Cretaceous limestones found at Natural Bridge Caverns provide an accessible snapshot of the Western Interior Seaway carbonate paleo-environment. Natural Bridge Caverns is located south of the Balcones Fault Zone in central Texas' Comal County. Regional groundwater movement has created a karst landscape throughout the highly fractured Kainer and Glen Rose units, resulting in large chambers and breakout domes. These features along with the cave's dimensional mass provide an ideal setting for robust data collection. Electrical Resistivity Tomography (ERT) surveys have been unsuccessful on-site due to the high concentration of calcite in the local units. Variation in electrode array configurations and data acquisition methods have resulted in successful images of the Hall of the Mountain King, a corridor with direct access from the surface. Multiple ERT crosscut scans of the northernmost opening of the initial discovery corridor have revealed discernable resistivity readings between the void space and surrounding rock layers.
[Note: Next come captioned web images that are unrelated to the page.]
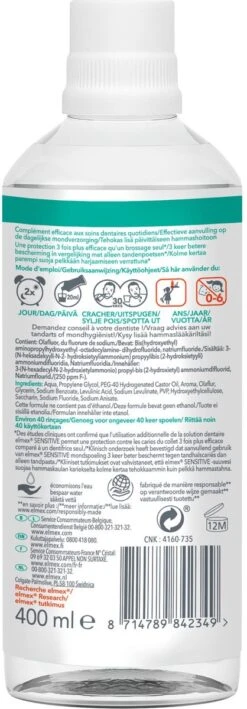 Elmex Sensitive Mondwater - 2 X 400 Ml - Voordeelverpakking 18 Elmex Sensitive Mondwater - 2 X 400 Ml - Voordeelverpakking -Winkel Voor Persoonlijke Verzorging 418x1200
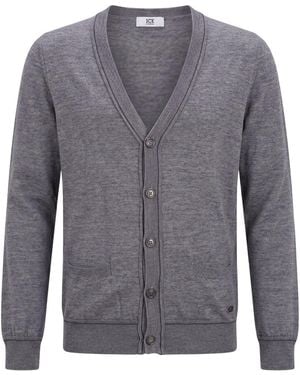 Ice Iceberg Cardigan Wool, Acrylic - Blue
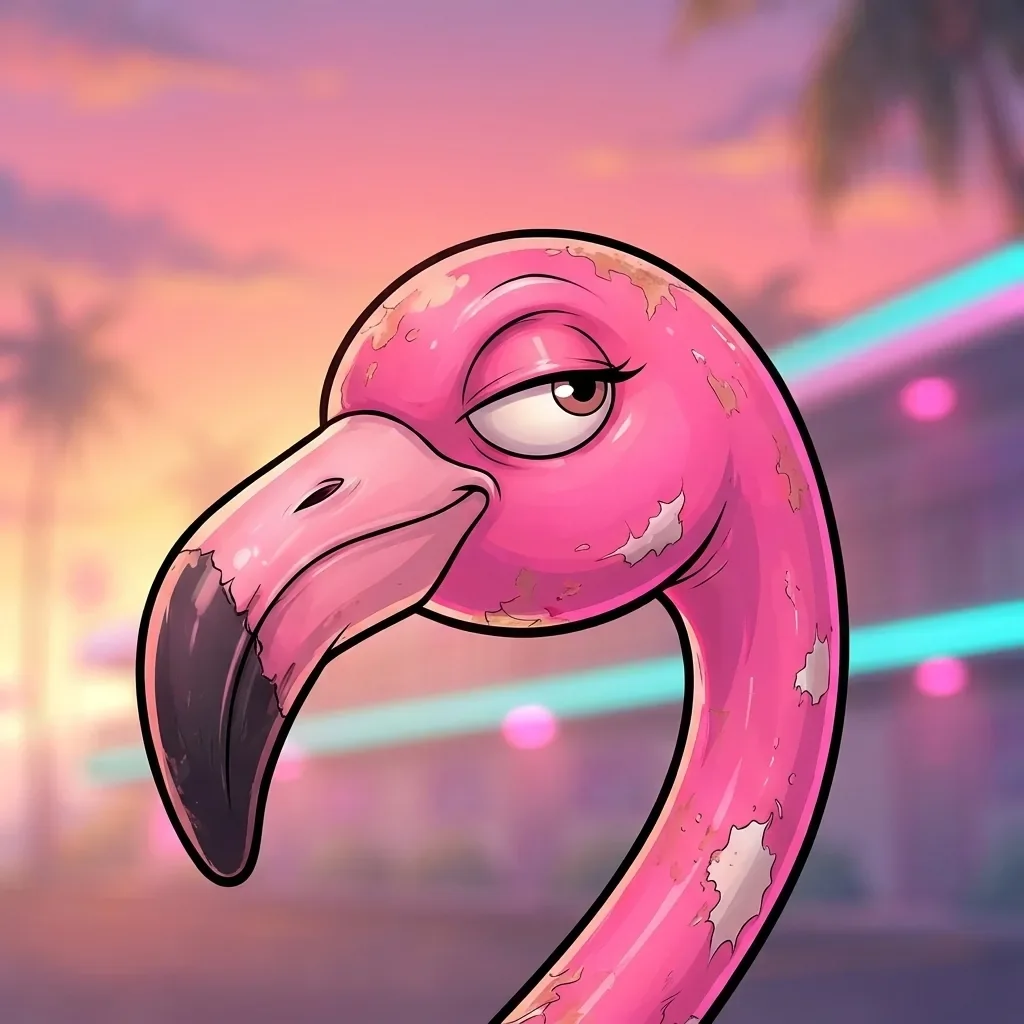 Extreme close-up of Flamingita giving a slow, judgmental side-eye.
Inversion results indicate the presence of the known void along with an unknown corridor along both transects, revealing the discovery of an unknown corridor. Natural Bridge Caverns is the second largest commercial cave system in the state and this study could validate unknown parts of the cave system. Spatial results from a LiDAR scan of the known cave interior have been referenced against the ERT inversion results to calculate depth of the cave. The deviation of the z-coordinates at the surface, ceiling, and floor of the known void space provide a relative thickness of the overbearing calcite heavy units. This analysis is used as a calibration method for the ERT survey and provides a framework for estimating the size of the new discovery. The impedance caused by the calcite overburden can then be considered in the inversion results, resulting in more accurate images.